Las defensas perfeccionadas por la evolución a lo largo de millones de años ayudaron a estos árboles a soportar temperaturas extremas y a defenderse de los herbívoros. Pero no tuvieron nada que hacer ante las motosierras.
No sé si el policía me oyó, pero yo seguí hablando, porque nuestra vida depende de que los científicos hablen y la ciudadanía actúe. En la Columbia Británica solo conservamos el 3% de los emblemáticos árboles primarios del fondo del valle, y nos está faltando tiempo para talarlos también. La historia se repite en todo el mundo.
Un mes después llegó la lluvia, y la anciana ciprés matriarca y su bosque sucumbieron a la tala.
Siguió lloviendo. Al cabo de otro mes, los suelos desarbolados se erosionaron, los ríos crecieron y, en algunas zonas de la provincia, las poblaciones se inundaron.
¿Qué podemos hacer para que la próxima vez la historia tenga un final diferente?
- En primer lugar, debemos dejar de convertir los bosques naturales en plantaciones industriales y campos de cultivo. El compromiso de los gobiernos de acabar con la deforestación mundial antes de 2030 es un primer paso en la buena dirección, pero debe incluir también poner fin a las prácticas forestales industriales. Las empresas deben responsabilizarse de los daños y las emisiones que generan en busca del beneficio económico.
- En segundo lugar, podemos tomar medidas inmediatas para proteger y restaurar los ecosistemas forestales primarios.

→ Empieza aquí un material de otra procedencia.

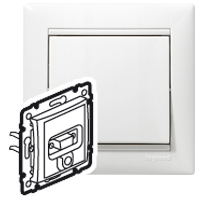 Legrand Valena Крем Розетка HD15+Jack 3 5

- En tercer lugar, podemos presionar para que se adopten políticas de gestión del suelo que retransformen las plantaciones en bosques naturales en los que llevemos a cabo talas selectivas a menor ritmo para preservar la biodiversidad, el suministro de agua y el almacenamiento de carbono. Gravando las emisiones de carbono de los bosques podríamos devolver la equidad cultural y social a las comunidades rurales e indígenas, recompensando a sus cuidadores con lo que abonan los contaminadores. Se trata de una herramienta sencilla para llevar a cabo una transición justa.
- En cuarto lugar, necesitamos políticas climáticas que hagan tanto hincapié en proteger los sumideros forestales de carbono y prevenir las emisiones generadas por las talas como en reducir las emisiones de los combustibles fósiles.
- Y, por último, tenemos queabandonar nuestra presente relación desapegada y explotadora con la naturaleza en favor de un vínculo de cercanía, protección y regeneración.
Todos podemos aprender del pueblo indígena de los salish costeros del Noroeste Pacífico, quienes desde tiempos inmemoriales son conscientes de que los árboles son nuestra familia y que el bosque está formado por muchas naciones que conviven en paz. Este espíritu comunitario será esencial para construir alianzas, formando una red que nos una, nos haga más fuertes y nos ayude a proteger nuestros bosques para las generaciones venideras.